Ma non erano state messe in cantiere poderose leggi per arginare il fenomeno?

«Per la verità mi è capitato, durante la permanenza alla Procura nazionale, di fare il giro delle sette chiese tra aule parlamentare e commissioni, alla ricerca di un cenno responsabile da parte del mondo della politica. Ma le nostre proposte non hanno trovato accoglienza, basti pensare all`inadeguatezza acclarata della legge anticorruzione, troppo blanda per poter attaccare un sistema fondato sul tacito accordo fra corrotto e corruttore per i quali vengono addirittura previste le stesse pene».

Come si può incrinare, allora, questo tacito accordo?

«Penso a cosa accadrebbe se si introduessero, per esempio, norme premiali per chi consente di far emergere episodi di corruzione. Questo tipo di “incentivazione” potrebbe essere estesa ai funzionari della pubblica amministrazione che spesso sono pedine importanti della corruzione e sarebbero in grado di offrire elementi di prova fondamentali, se protetti adeguatamente dalla pressione dei loro superiori».

Va in controtendenza, dottor Grasso. C`è chi sostiene che le tangenti sono importanti per il buon andamento dell`economia e che all`estero vengono pagate alla luce del sole.

«Non si può paragonare ciò che accade in Italia con la prassi lobbista di altri Paesi, dove i grandi avvocati d`affari sono regolarmente iscritti ad un albo, fatturano gli onorari e pagano le tasse. E tutto si svolge in modo trasparente».

E cosa dice sulle cosiddette inchieste ad orologeria?

«Abbiamo più volte spiegato che non esiste magistrato in grado di stabilire a tavolino e pianificare l`iter di un processo. Spesso i giudici sono condizionati dai termini di prescrizione che si sono visibilmente accorciati grazie alle varie leggi ad personam varate dal precedente Parlamento, per non dire del momento della custodia cautelare dove il giudice non può assolutamente scegliere i tempi».

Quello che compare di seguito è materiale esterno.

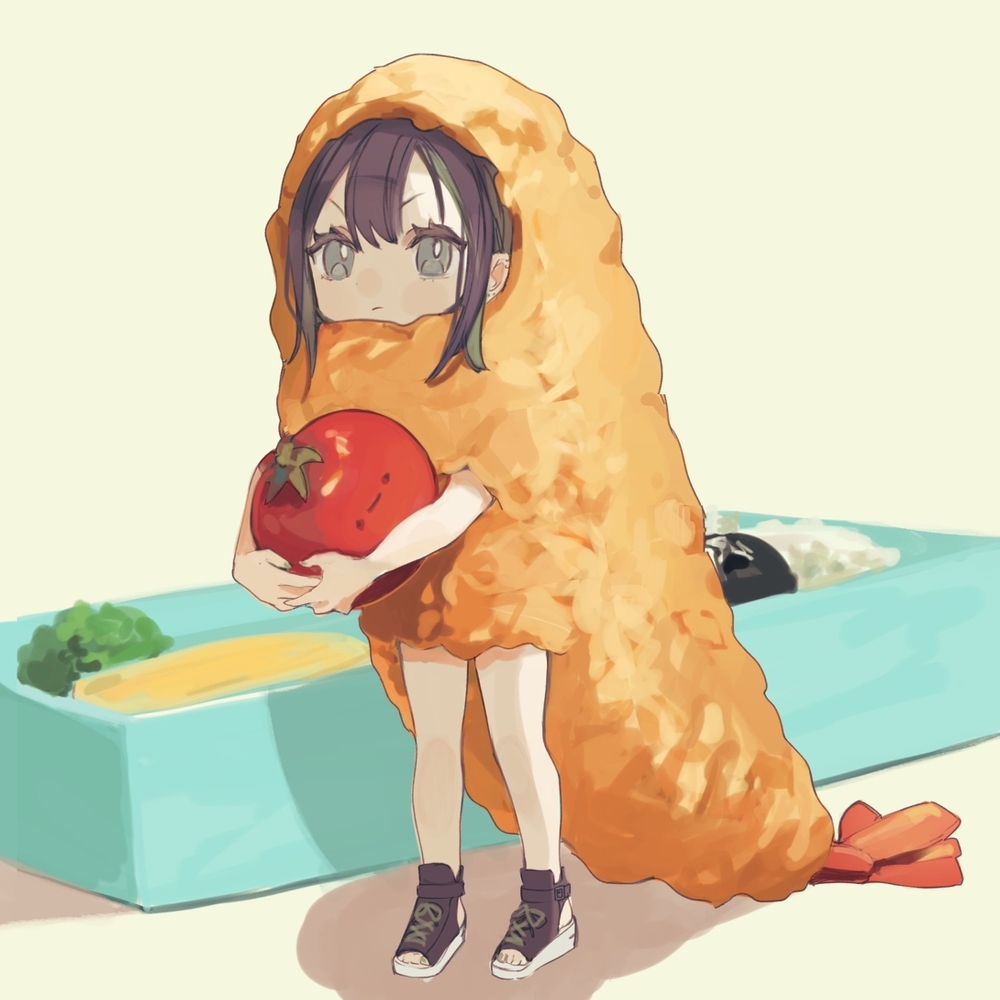 西红柿抢炸虾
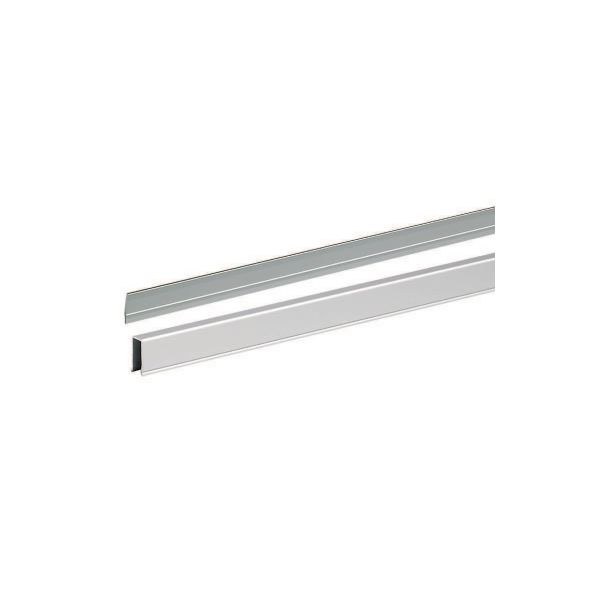 Schneider Electric 5590424 Venttiilisäleikkö valkoinen, alumiini 2500 x 10 mm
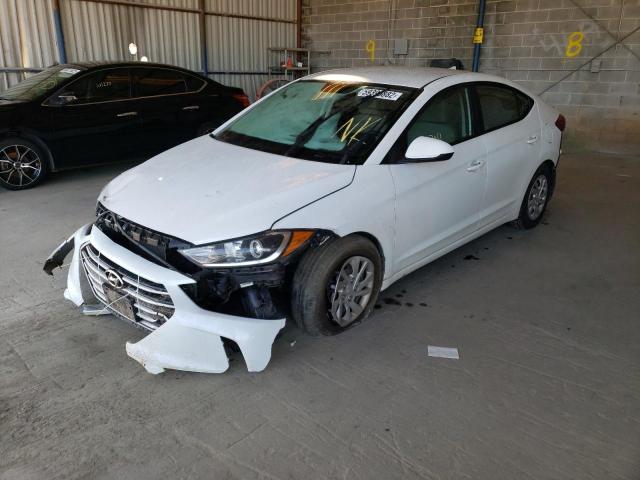 Photo 2 from auction – 2017 HYUNDAI ELANTRA SE with VIN 5NPD74LF1HH166336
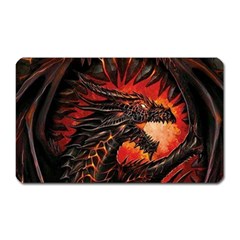 Dragon Magnet (rectangular) by Ndabl3x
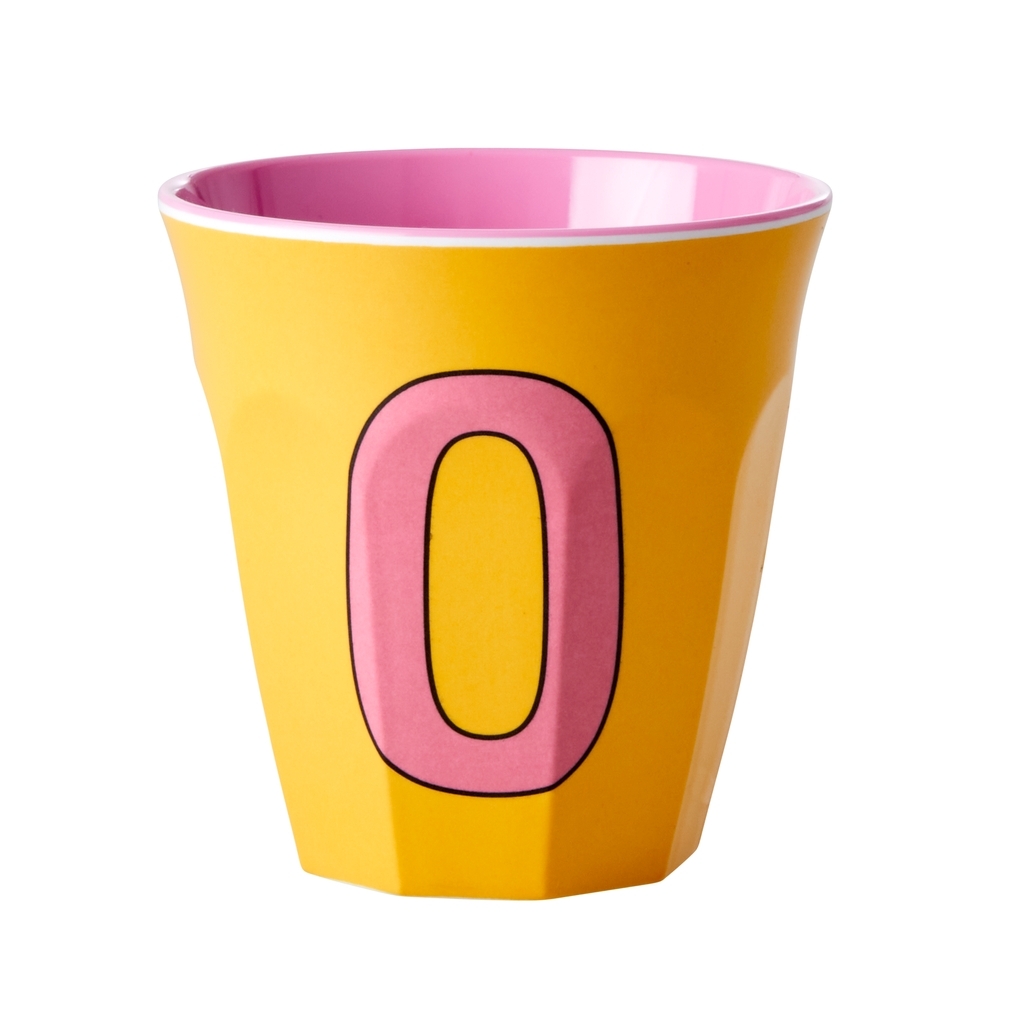 Rice, Alfabet beker roze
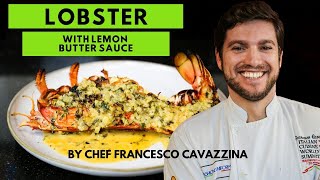 EASY LOBSTER RECIPE WITH LEMON BUTTER SAUCE [upl. by Nagol]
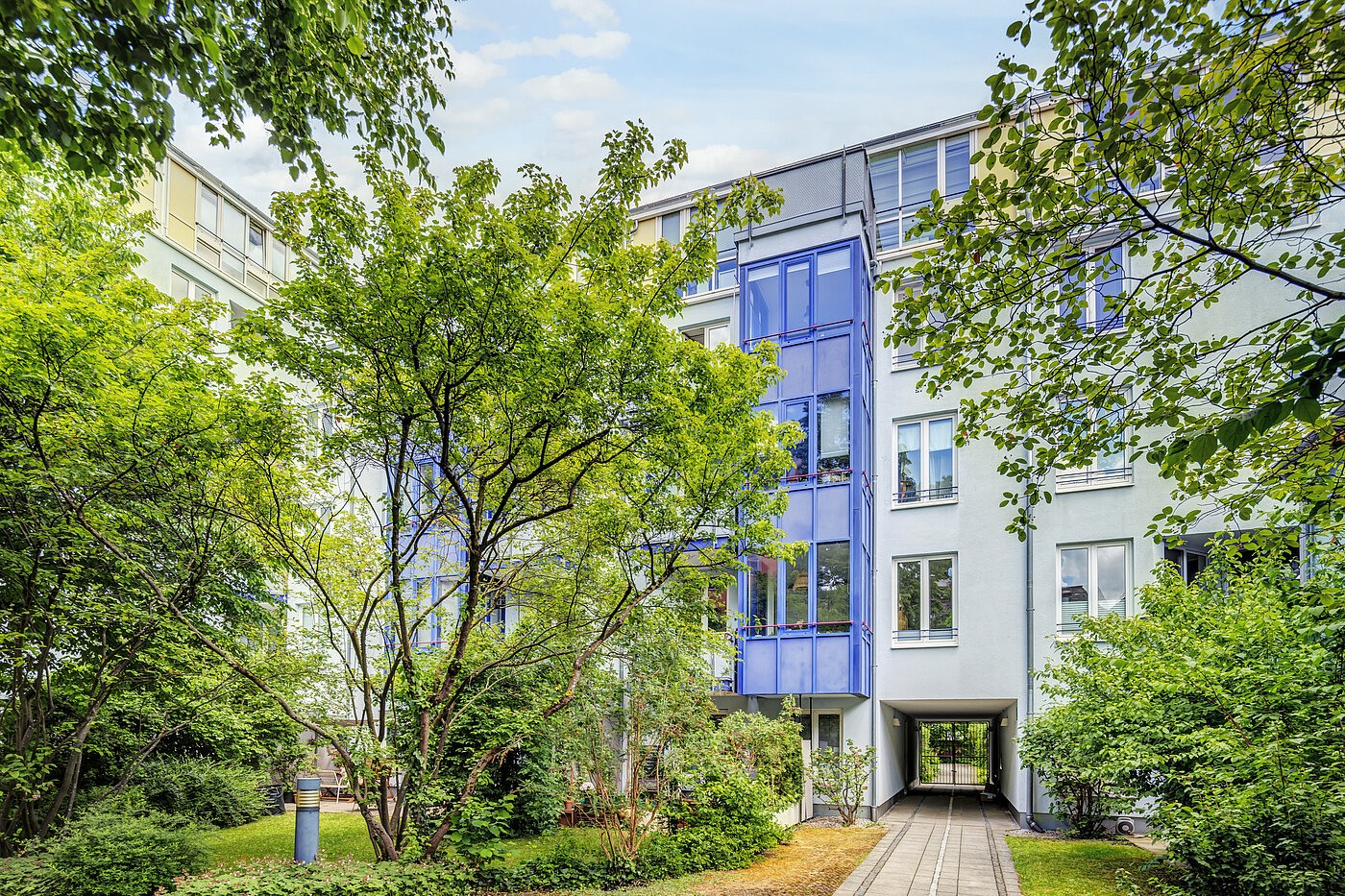 Apartment with 2 room | München-Neuhausen | 70440 | Außenansicht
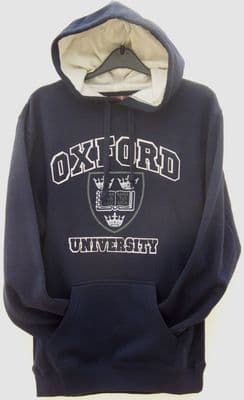 Oxford University Applique Hoody by Oxford University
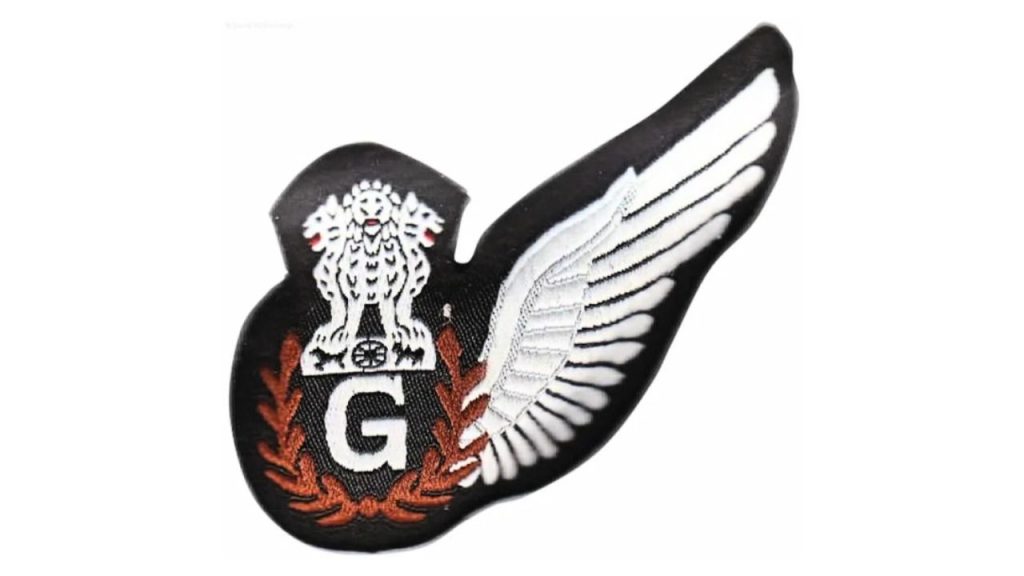 Gunner's badge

Come si fa, allora, a ipotizzare una riforma per rendere efficiente l`amministrazione della giustizia?

«Bisognerà ricorrere, col più ampio dei consensi, ad una sorta di Costituente. Penso alla realizzazione di un blog dove possano confluire i contributi di specialisti del Diritto che hanno a cuore le sorti del paese. Immagino che si debba procedere per priorità, partendo dalla caccia ai soldi dei grandi poteri criminali, passando poi per la corruzione e introducendo nuovi strumenti di aggressione, dalla reintroduzione del falso in bilancio, all`autoriciclaggio, alla frode fiscale con un tetto più basso in modo che si possa indagare su un maggior numero di episodi».

E l`inappellabilità del pm in caso di assoluzione in primo grado?

«La proposta è già stata cestinata perché palesemente anticostituzionale. Semmai penserei all`abolizione completa del secondo grado, che ci consentirebbe di accelerare i processi (riuscendo forse a restare nel termine dei 6 anni imposto dalla Ue) e recuperare giudici e personale da impiegare in altri uffici del primo grado».

Per concludere, una risposta sull`emergenza carcere.

«Abbiamo 20 mila detenuti in più di quanti ne possa reggere il sistema: ci vuole una riforma strutturale che passi per una saggia depenalizzazione e incida sulle norme che determinano i flussi carcerari. Ci sono strumenti validi: la legge che consente il lavoro fuori dal carcere, o la possibilità di curare i detenuti tossicodipendenti nei centri di recupero. E` un tema ampio e importante, ne riparleremo».